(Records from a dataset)

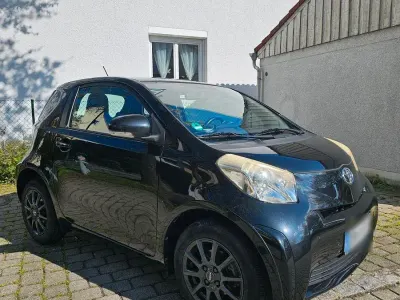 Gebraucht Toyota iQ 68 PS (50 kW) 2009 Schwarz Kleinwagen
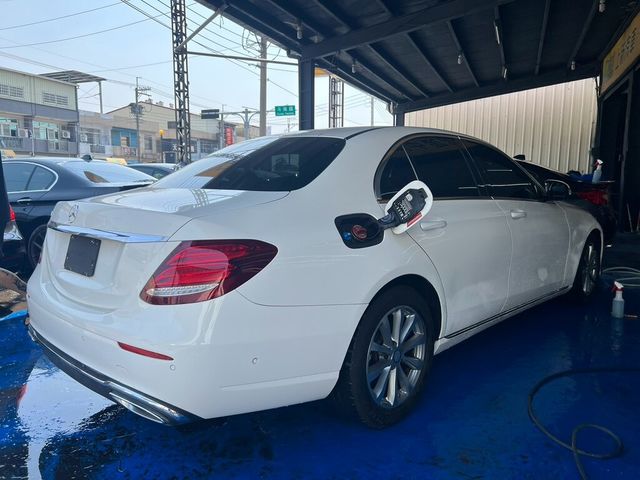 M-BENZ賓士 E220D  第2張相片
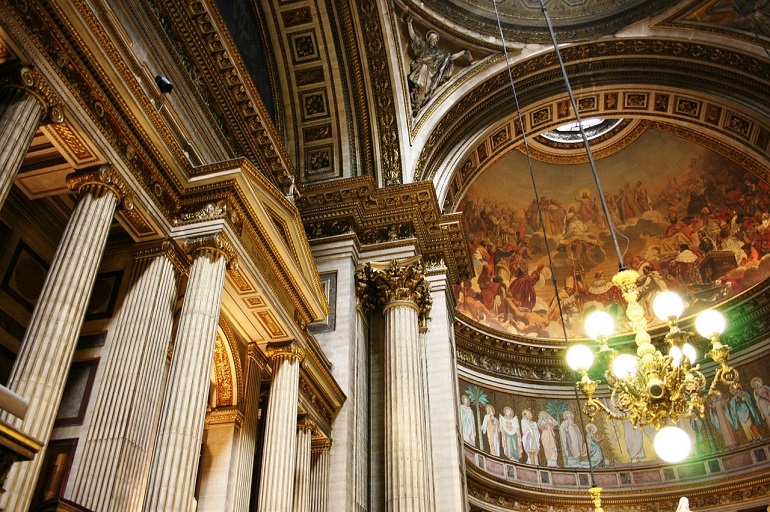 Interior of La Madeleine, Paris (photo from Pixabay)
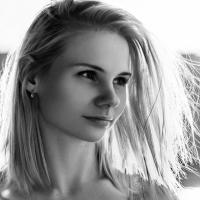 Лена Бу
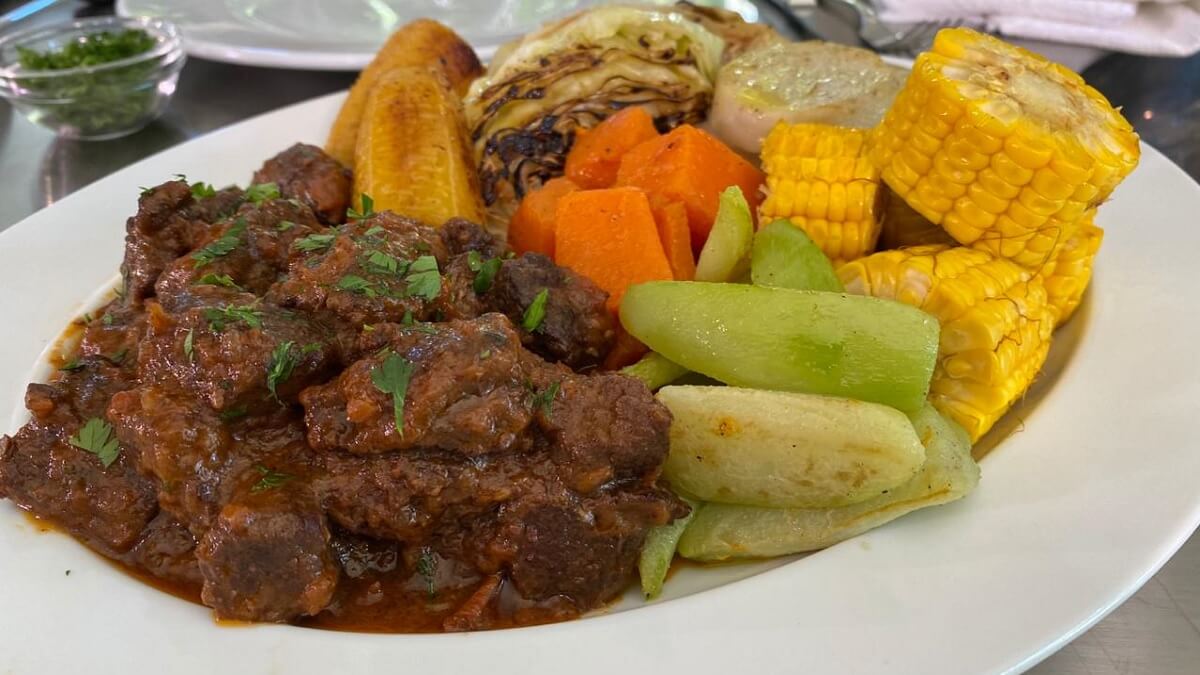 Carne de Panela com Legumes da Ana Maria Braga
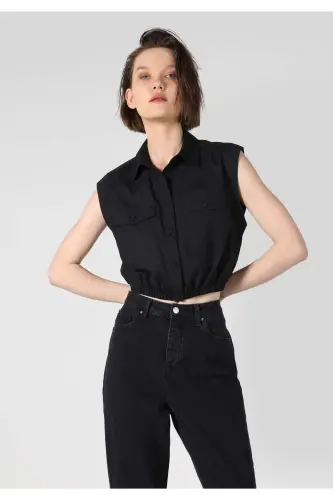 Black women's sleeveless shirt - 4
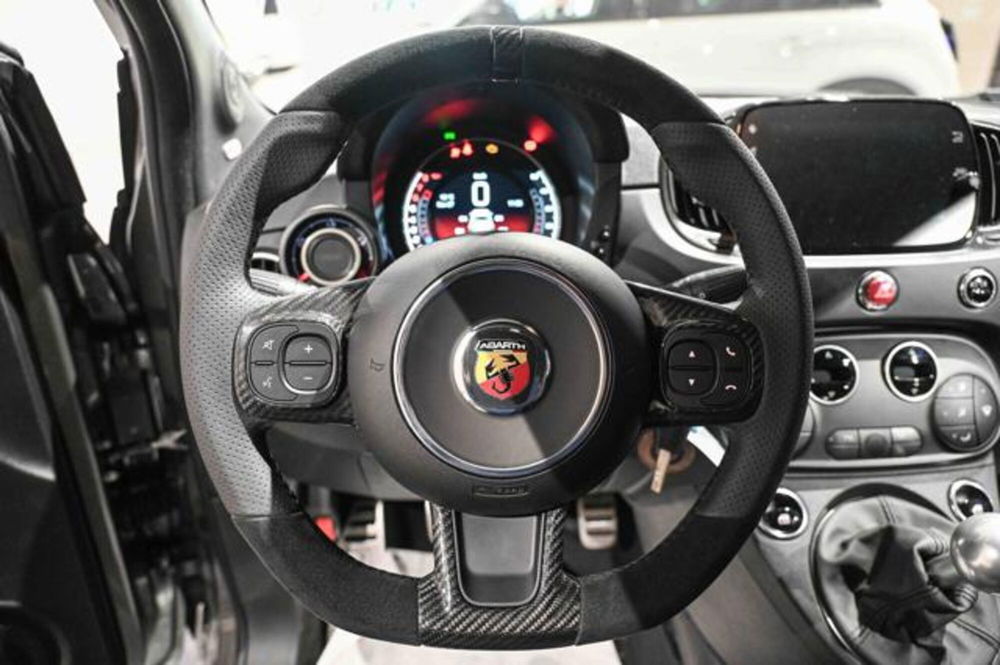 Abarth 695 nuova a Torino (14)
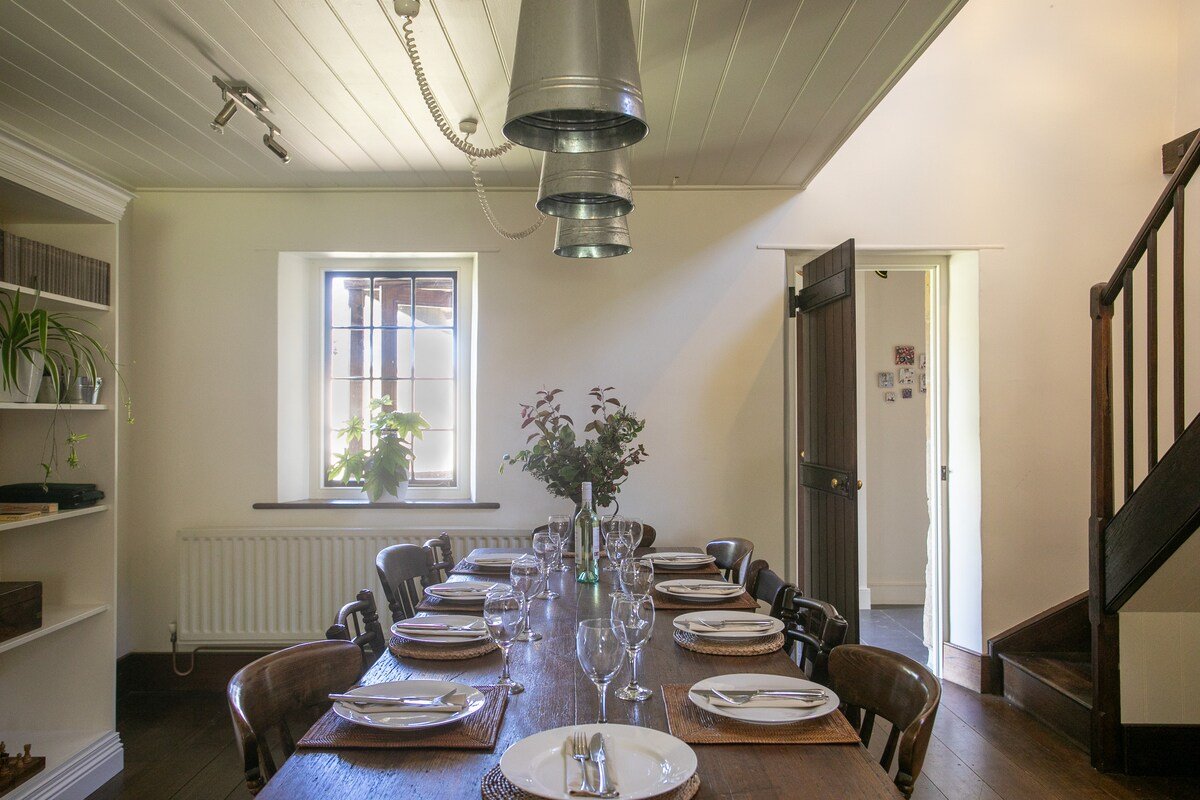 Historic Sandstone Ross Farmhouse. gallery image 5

Exercise. Exactly restate the lines from the one holding "Black women's sleeveless shirt - 4" to the final line of the records above, including both and excluding pictures.

Your response.
 Black women's sleeveless shirt - 4
 Abarth 695 nuova a Torino (14)
 Historic Sandstone Ross Farmhouse. gallery image 5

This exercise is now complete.